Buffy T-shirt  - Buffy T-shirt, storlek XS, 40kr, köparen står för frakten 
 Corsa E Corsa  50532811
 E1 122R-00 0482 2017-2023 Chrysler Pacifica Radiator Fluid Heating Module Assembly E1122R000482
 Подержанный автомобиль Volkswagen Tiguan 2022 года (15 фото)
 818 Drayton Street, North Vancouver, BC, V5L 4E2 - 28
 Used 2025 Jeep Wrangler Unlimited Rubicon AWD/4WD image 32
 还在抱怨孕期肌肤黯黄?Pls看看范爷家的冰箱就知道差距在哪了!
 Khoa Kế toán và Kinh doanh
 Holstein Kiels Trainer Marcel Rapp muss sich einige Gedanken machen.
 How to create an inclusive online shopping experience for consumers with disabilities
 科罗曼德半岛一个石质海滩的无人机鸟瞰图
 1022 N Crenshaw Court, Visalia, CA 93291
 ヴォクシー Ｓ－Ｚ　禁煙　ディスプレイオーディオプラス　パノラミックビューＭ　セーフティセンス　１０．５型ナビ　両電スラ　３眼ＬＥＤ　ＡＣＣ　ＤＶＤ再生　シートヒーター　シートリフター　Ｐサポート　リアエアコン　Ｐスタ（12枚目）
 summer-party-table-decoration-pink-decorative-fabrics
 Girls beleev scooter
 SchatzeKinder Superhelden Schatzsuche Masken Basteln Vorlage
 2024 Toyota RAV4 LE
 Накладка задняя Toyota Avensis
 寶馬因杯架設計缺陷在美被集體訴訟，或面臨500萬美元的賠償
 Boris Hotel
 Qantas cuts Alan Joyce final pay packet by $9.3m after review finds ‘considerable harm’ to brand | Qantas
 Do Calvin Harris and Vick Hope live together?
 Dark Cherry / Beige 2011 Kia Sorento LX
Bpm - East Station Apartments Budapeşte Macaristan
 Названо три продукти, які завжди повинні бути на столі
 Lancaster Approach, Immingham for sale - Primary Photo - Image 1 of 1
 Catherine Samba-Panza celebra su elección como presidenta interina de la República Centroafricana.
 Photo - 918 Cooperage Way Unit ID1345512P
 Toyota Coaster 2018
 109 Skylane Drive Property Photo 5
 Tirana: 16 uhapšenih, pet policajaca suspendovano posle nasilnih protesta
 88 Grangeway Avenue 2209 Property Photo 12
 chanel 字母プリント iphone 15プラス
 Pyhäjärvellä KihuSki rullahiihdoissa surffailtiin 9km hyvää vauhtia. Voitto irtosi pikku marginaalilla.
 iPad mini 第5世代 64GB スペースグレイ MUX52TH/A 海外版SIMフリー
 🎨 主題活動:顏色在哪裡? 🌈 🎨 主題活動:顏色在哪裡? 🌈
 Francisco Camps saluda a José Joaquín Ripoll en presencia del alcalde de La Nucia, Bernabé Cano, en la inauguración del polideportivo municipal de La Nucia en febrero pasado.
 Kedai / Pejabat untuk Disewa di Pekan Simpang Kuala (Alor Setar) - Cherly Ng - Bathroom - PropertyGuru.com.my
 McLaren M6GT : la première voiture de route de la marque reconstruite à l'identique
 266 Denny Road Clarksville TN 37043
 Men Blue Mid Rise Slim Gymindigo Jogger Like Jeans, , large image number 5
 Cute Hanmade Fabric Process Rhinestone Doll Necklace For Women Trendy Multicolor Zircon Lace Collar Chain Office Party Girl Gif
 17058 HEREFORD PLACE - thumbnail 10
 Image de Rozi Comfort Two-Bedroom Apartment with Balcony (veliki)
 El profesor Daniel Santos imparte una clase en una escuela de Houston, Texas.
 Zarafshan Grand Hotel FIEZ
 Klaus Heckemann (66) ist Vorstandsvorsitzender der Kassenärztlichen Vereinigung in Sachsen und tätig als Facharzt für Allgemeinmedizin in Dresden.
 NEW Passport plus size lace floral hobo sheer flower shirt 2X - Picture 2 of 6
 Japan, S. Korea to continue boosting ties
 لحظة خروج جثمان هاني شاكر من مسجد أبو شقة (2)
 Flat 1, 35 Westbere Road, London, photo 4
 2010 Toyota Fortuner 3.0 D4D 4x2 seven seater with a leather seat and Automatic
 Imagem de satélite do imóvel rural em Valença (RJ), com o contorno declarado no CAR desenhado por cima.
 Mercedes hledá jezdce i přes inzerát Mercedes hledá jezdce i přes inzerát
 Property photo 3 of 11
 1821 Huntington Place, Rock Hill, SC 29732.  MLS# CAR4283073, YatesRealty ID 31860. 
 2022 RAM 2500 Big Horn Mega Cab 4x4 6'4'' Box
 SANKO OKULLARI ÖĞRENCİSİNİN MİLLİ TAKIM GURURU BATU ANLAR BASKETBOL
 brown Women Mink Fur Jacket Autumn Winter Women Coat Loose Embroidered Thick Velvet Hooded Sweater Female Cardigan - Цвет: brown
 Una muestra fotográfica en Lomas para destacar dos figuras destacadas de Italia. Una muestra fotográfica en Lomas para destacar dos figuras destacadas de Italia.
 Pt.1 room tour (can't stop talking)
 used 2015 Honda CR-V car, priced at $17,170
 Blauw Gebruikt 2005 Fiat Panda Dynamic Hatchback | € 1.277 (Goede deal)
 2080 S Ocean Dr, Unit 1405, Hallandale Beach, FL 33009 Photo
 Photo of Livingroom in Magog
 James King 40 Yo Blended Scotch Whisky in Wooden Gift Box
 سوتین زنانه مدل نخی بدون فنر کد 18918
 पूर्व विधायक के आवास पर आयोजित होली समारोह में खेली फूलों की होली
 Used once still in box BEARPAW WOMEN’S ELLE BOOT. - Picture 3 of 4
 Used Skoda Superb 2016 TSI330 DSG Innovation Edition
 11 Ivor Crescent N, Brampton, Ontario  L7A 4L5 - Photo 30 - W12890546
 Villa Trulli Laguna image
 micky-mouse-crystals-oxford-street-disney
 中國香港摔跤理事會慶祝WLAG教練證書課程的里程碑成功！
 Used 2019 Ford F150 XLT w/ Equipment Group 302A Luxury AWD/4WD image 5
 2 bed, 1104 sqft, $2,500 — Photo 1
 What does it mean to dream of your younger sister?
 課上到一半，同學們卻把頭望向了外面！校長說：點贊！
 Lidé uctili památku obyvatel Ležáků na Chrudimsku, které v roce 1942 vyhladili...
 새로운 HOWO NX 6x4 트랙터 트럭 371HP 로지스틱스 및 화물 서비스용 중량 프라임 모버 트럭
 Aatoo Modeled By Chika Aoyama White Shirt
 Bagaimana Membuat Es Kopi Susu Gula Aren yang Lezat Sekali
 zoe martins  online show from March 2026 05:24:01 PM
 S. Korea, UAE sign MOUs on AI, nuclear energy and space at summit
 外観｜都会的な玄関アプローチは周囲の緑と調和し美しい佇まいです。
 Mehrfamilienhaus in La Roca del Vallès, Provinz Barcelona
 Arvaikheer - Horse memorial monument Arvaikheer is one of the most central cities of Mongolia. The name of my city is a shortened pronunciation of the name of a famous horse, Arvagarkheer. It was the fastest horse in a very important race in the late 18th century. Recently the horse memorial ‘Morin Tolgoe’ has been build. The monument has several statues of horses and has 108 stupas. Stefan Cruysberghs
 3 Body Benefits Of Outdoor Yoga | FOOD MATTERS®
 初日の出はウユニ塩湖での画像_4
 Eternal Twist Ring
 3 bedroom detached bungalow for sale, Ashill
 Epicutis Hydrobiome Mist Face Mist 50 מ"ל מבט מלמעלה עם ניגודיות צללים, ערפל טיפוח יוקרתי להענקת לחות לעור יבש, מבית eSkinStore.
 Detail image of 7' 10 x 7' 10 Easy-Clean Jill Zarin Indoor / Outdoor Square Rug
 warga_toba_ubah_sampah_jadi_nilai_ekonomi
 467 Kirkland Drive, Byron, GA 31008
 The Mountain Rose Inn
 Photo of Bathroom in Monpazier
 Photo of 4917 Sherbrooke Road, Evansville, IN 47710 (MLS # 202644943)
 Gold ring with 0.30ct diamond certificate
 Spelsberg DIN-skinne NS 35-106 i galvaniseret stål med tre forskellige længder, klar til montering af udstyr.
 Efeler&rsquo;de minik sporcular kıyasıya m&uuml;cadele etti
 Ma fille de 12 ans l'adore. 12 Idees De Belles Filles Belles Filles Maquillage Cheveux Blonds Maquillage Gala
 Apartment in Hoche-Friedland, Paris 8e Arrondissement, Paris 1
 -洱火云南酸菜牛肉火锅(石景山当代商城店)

▶ _Your goal_: Look above for the line with "Cute Hanmade Fabric" and the line with "Klaus Heckemann (66)". Retype those two lines and every line between them exactly, adding nothing.

▶ _Worked solution_:
 Cute Hanmade Fabric Process Rhinestone Doll Necklace For Women Trendy Multicolor Zircon Lace Collar Chain Office Party Girl Gif
 17058 HEREFORD PLACE - thumbnail 10
 Image de Rozi Comfort Two-Bedroom Apartment with Balcony (veliki)
 El profesor Daniel Santos imparte una clase en una escuela de Houston, Texas.
 Zarafshan Grand Hotel FIEZ
 Klaus Heckemann (66) ist Vorstandsvorsitzender der Kassenärztlichen Vereinigung in Sachsen und tätig als Facharzt für Allgemeinmedizin in Dresden.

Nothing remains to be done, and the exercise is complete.